Hence, traditional forums continue to thrive. Are you considering starting one? You’ll need a VPS to start – you could launch on shared hosting but as you grow you’ll need to move to a VPS, and then to a dedicated server once you really get going.
You’ll also need some kind of software to run on it. Here’s some options to look at…and some perhaps to avoid.
Consider: Vanilla
Of course, we have to begin with the software that powers the greatest forum in the entire history of the human race, going back to ancient Rome: LowEndTalk.
Vanilla is orthogonal to a lot of other forums because the interface is different and it feels different than traditional forums, which all have a vBulletin-esque design. Threads pop to the top in this metaphor, and the layout has a busy community chat feel to it.

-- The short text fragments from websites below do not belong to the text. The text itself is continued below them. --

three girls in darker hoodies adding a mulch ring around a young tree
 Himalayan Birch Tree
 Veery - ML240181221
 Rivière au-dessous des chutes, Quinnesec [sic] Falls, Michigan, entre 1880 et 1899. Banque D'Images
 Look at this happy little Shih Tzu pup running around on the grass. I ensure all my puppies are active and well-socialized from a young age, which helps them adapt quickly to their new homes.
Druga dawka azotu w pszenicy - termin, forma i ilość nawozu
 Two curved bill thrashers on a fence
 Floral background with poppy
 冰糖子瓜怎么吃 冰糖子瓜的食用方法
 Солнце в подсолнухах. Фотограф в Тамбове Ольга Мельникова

The open source version does not have as many plugins as other forums. It really comes down to whether you like the “percolating threads” style of Vanilla or not. For high-traffic sites it can be fun because your board will really feel alive. But if you want to keep your discussions neatly categorized, Vanilla may not be the best choice. Vanilla does have categories but it’s not the forum’s strength.
Consider: XenForo
This is vBulletin++. A lot of the vBulletin brain share left vB and moved to XenForo and today the latter is one of the leading software platforms in the world.
If you want the traditional forum experience, XF is a great choice. There’s tons of commercial support, themes, and plugins. There’s a small set of popular add-ons which the big forums include, such as media managers, file downloads, enhanced search, and pages/portal and these are all available with XF.
I run into XF constantly and find it a pleasant, very familiar experience.
Don’t Consider: vBulletin
This is XenForo–. One good reason not to use it is that WebHostingTalk runs it…I kid, I kid. (Or do I?)
After vB was acquired, most of the vB dev staff left vB in 2009 to start XenForo. Lawsuits flew (all eventually dismissed) but long story short is that it set vB back by years and left a bad taste in many forum developers’ mouths.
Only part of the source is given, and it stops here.